What you should do
Write out only the lines from the line that holds "弥左エ門　大皿１枚　銘々皿５枚　弥左衛門" to the end of the listing below, inclusive, with the pictures omitted.

Supplied records
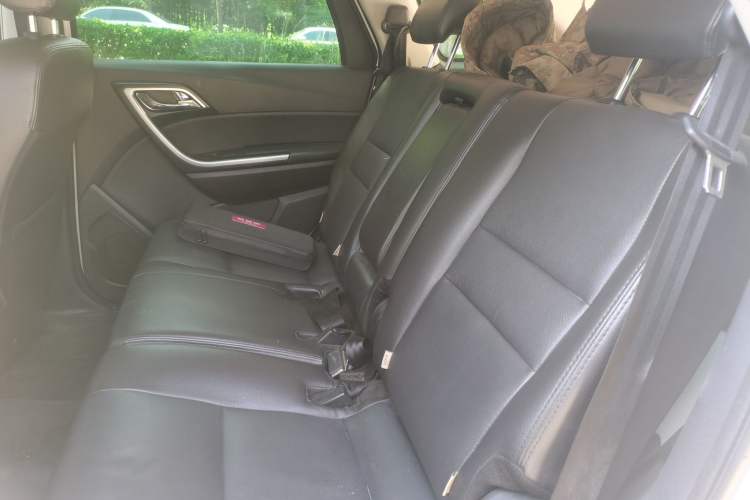 Used JMC Yusheng S350 2013 2.4T Automatic 4x4 Diesel Luxury 5-Seater Left Rear Seat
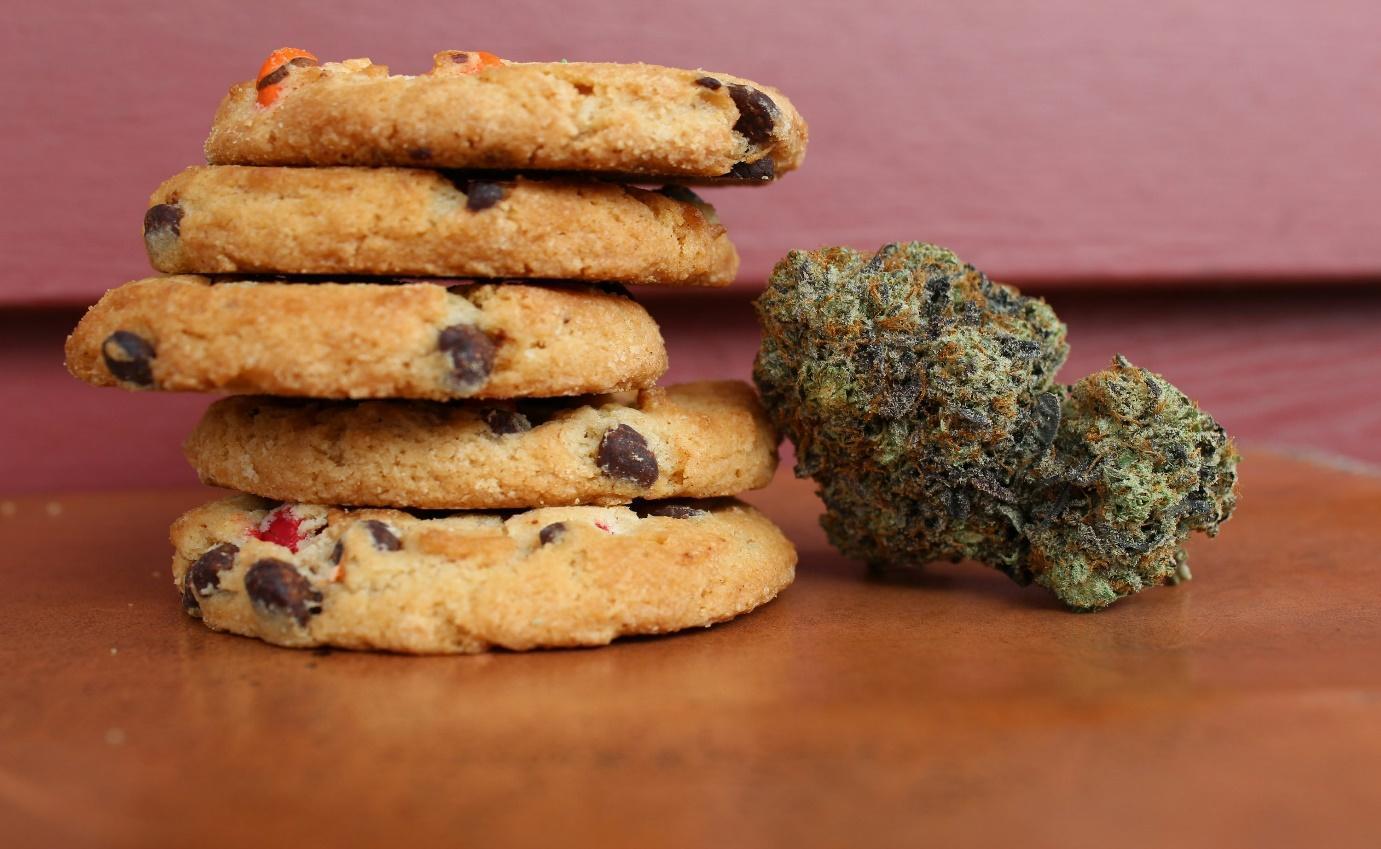 girl scout cookies strain, girl scout cookies effects, cannabis strain ratings, THC content girl scout cookies, best strains for relaxation, cannabis strain reviews, girl scout cookies potency, popular cannabis strains, recreational cannabis california, indica dominant strains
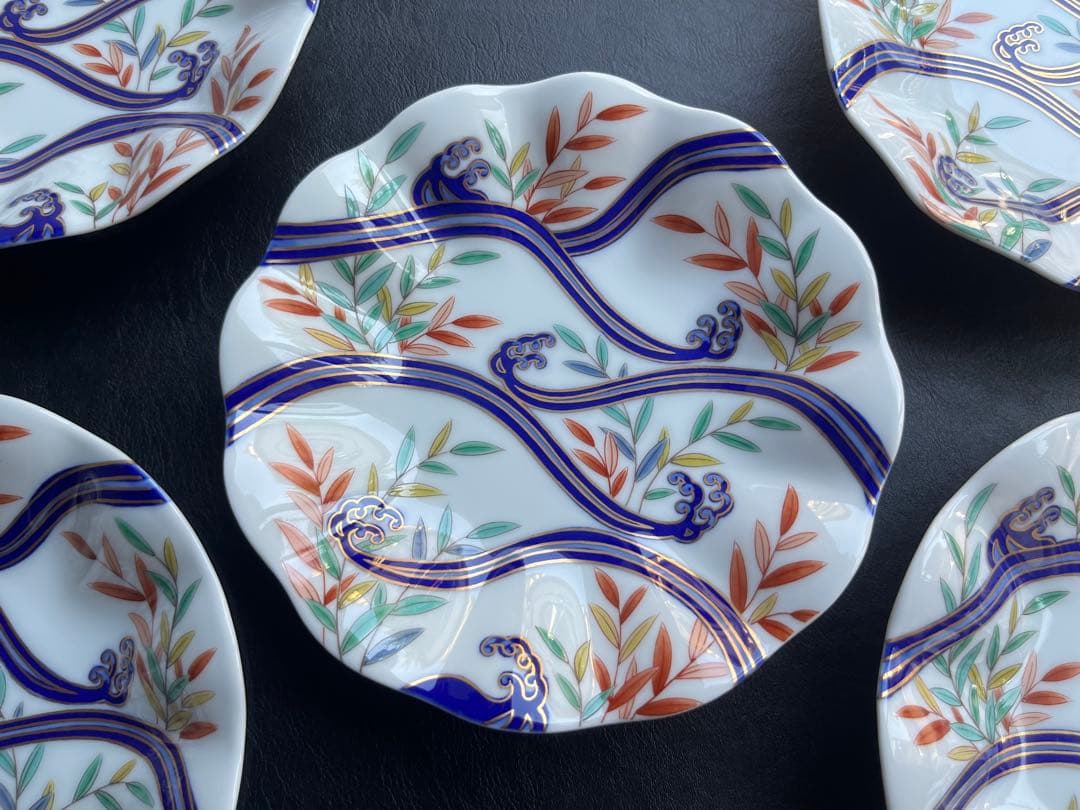 弥左エ門　大皿１枚　銘々皿５枚　弥左衛門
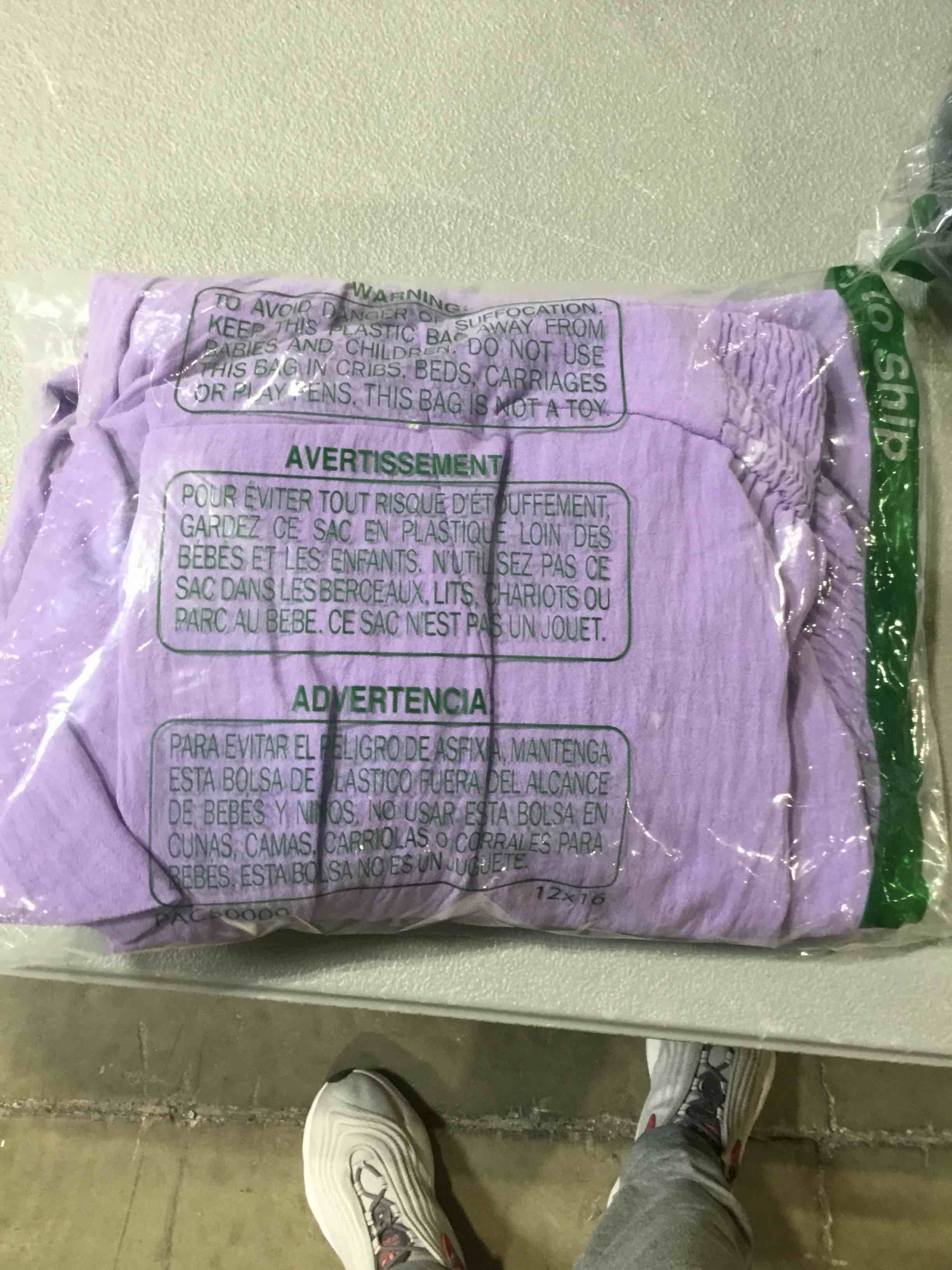 https://s3.amazonaws.com/lotting-images-prod/bidfta/YEL6781339_1726599404920.jpeg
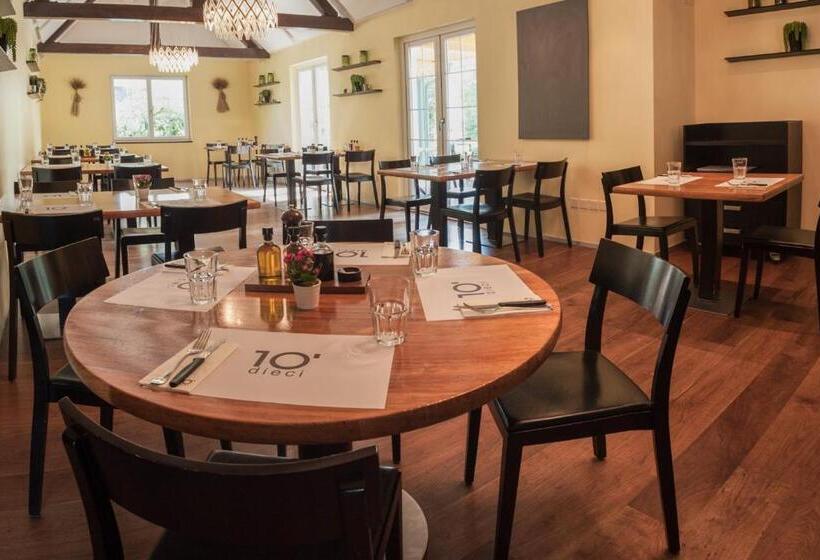 تختخواب و صبحانه Guest House Dieci Allo Zoo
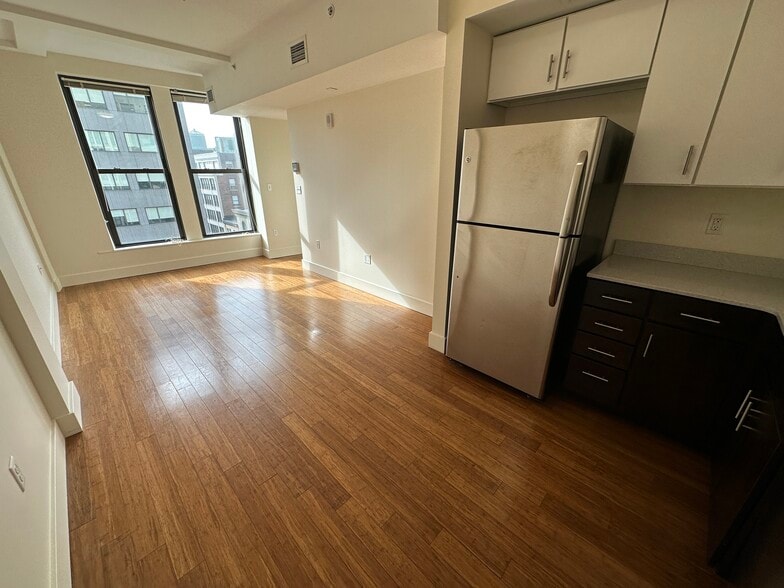 Building Photo - 25 Winter St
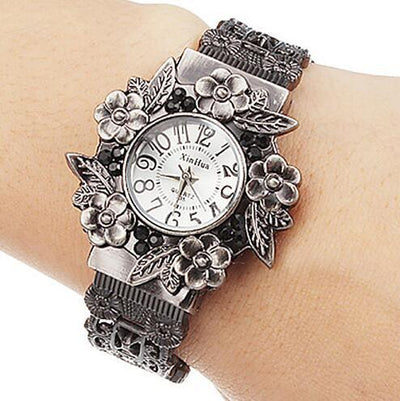 Reloj de Cuarzo con Flores en Relieve - Image 11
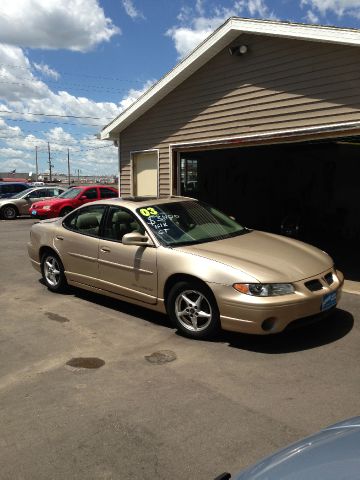 Pontiac Grand Prix 2003 photo 1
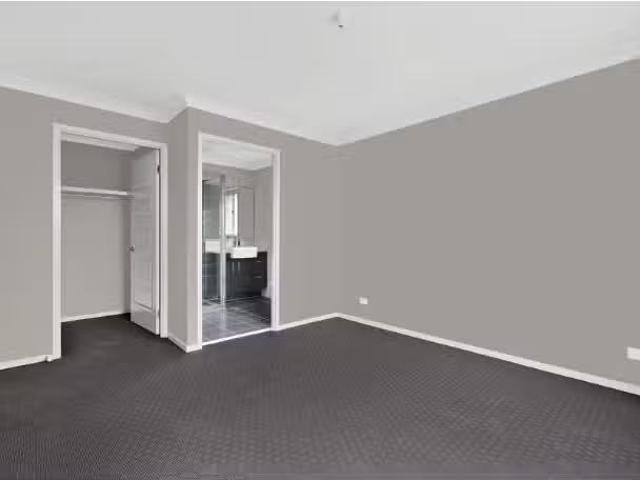 Deal! 9 Barn Owl Avenue, WADALBA House for rent Listed by Dan.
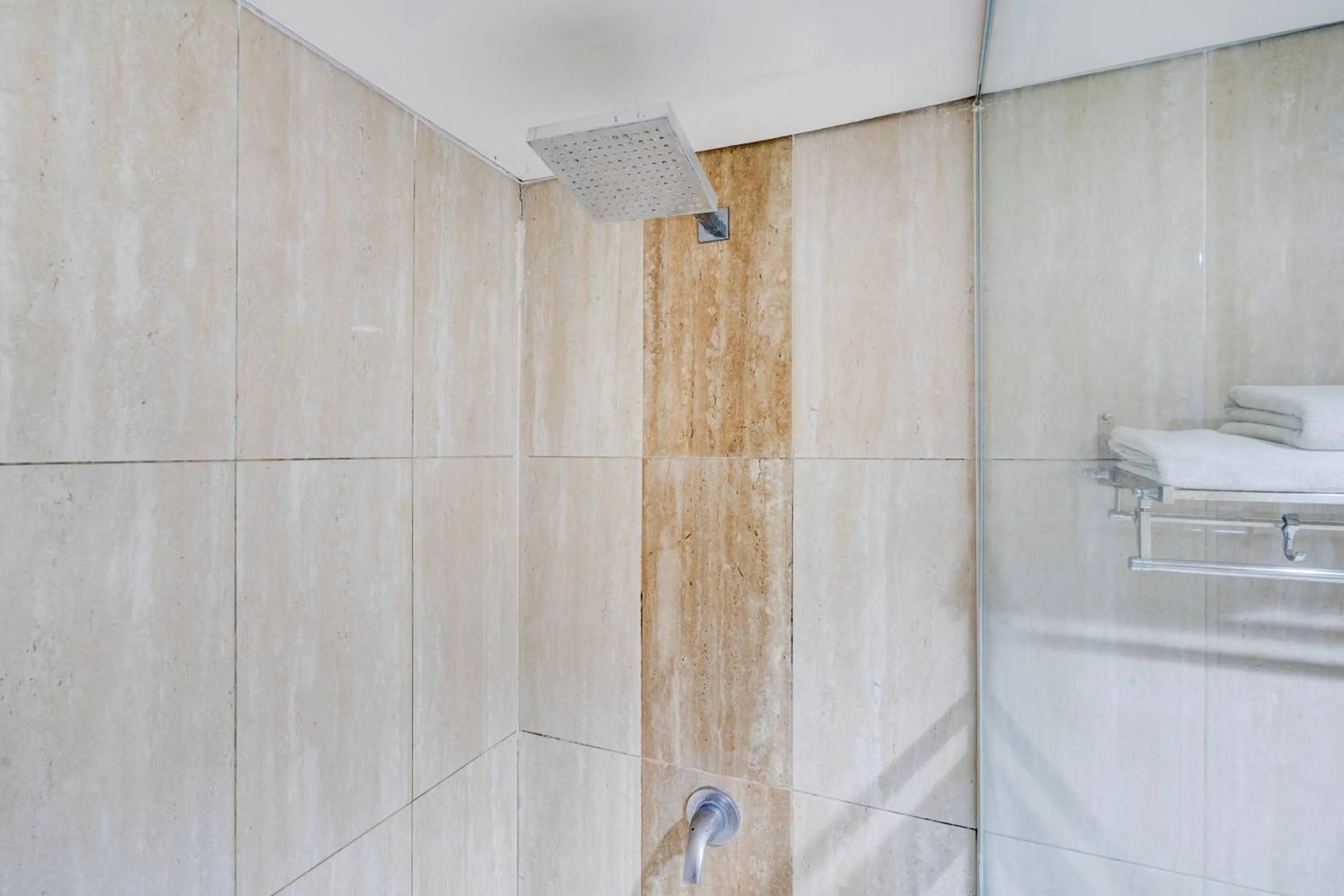 Bathroom in Townhouse Oak Cihampelas Near Ciwalk Formerly Promenade Hotel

Worked solution
 弥左エ門　大皿１枚　銘々皿５枚　弥左衛門
 https://s3.amazonaws.com/lotting-images-prod/bidfta/YEL6781339_1726599404920.jpeg
 تختخواب و صبحانه Guest House Dieci Allo Zoo
 Building Photo - 25 Winter St
 Reloj de Cuarzo con Flores en Relieve - Image 11
 Pontiac Grand Prix 2003 photo 1
 Deal! 9 Barn Owl Avenue, WADALBA House for rent Listed by Dan.
 Bathroom in Townhouse Oak Cihampelas Near Ciwalk Formerly Promenade Hotel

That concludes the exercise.